TRY IT: Would you transcribe only the lines from the one holding "Wool mohair scarf" through the end of the material, exactly, without any pictures?

SUPPLIED DATA:
------------------------------------------------------------

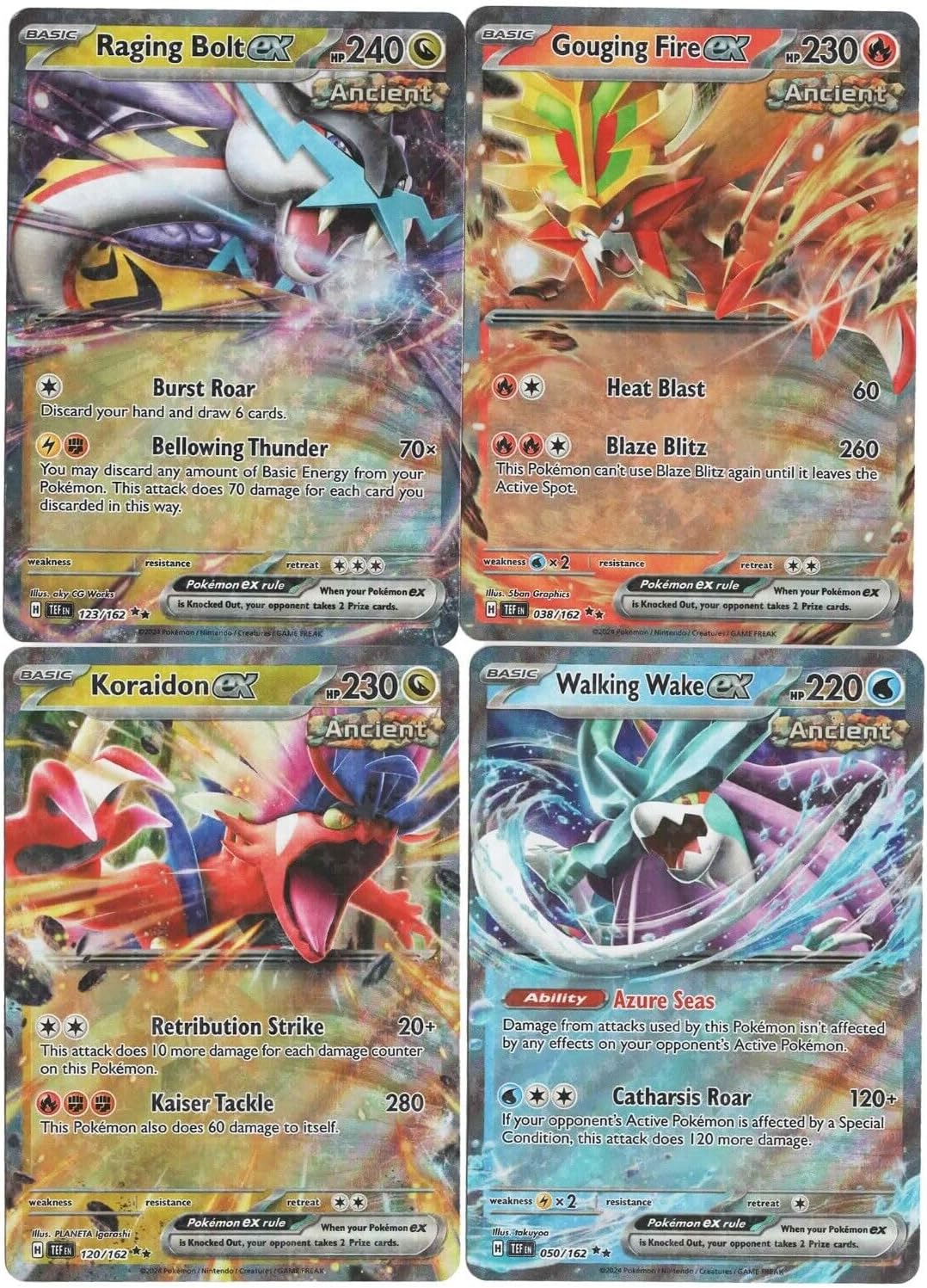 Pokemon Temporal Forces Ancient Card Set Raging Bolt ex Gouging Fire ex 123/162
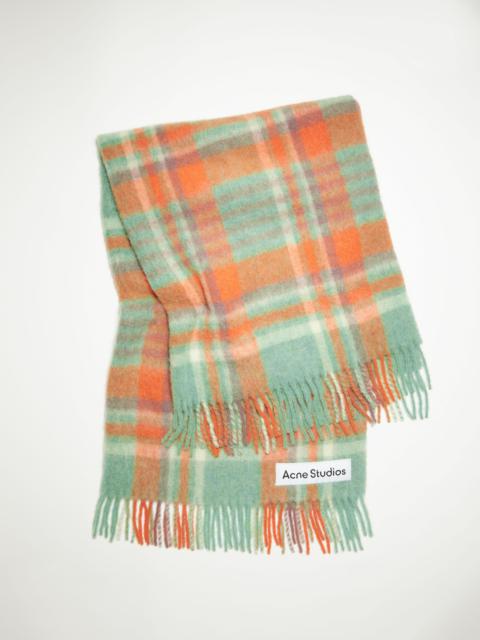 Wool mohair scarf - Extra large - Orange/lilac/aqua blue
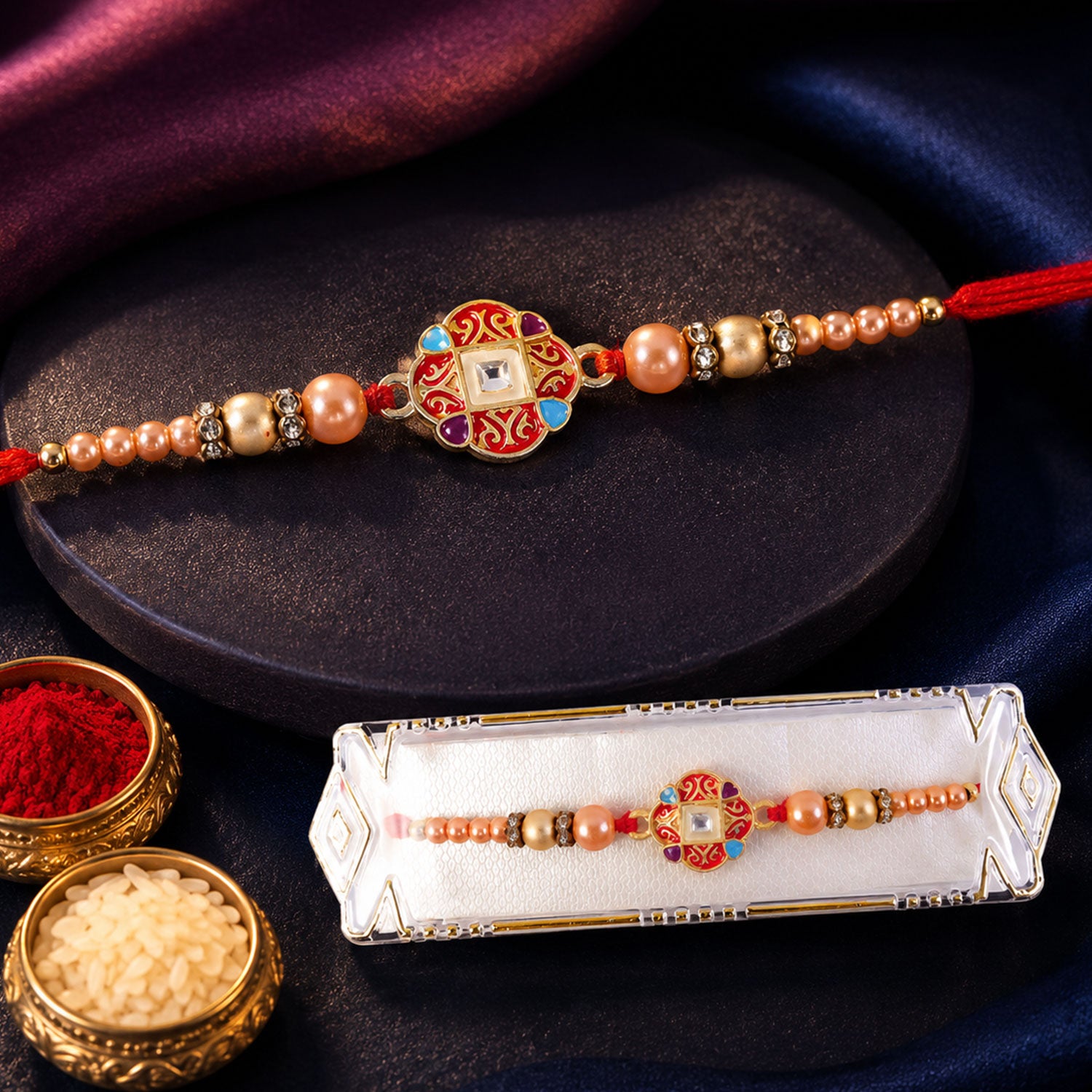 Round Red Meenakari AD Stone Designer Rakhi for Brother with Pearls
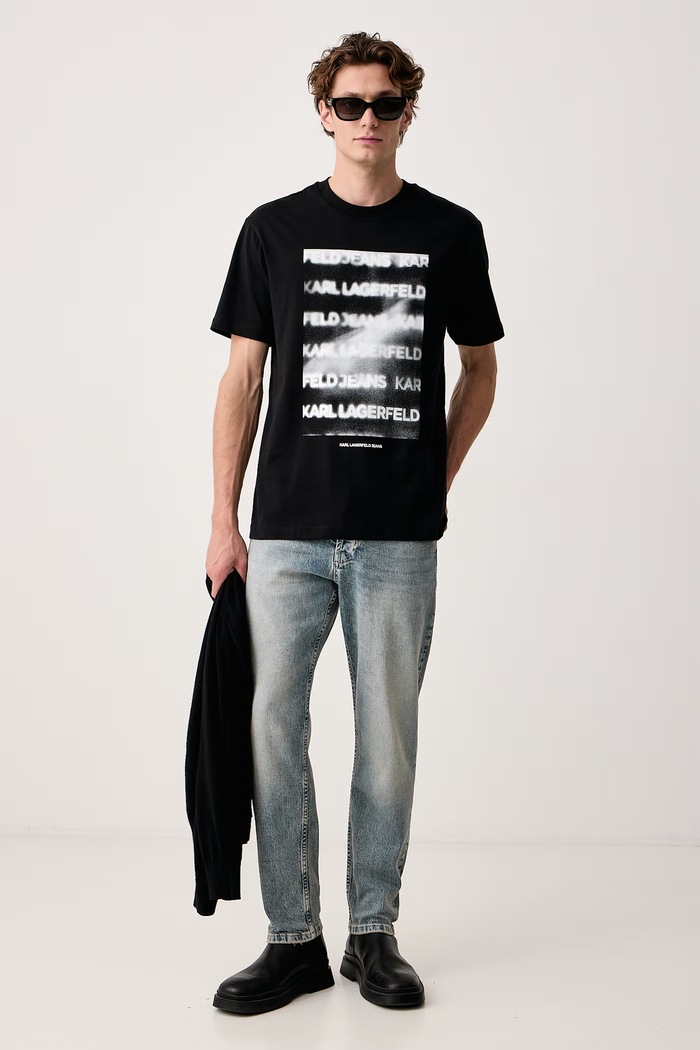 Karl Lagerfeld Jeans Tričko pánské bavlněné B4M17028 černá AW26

------------------------------------------------------------

WRITTEN REPLY:
 Wool mohair scarf - Extra large - Orange/lilac/aqua blue
 Round Red Meenakari AD Stone Designer Rakhi for Brother with Pearls
 Karl Lagerfeld Jeans Tričko pánské bavlněné B4M17028 černá AW26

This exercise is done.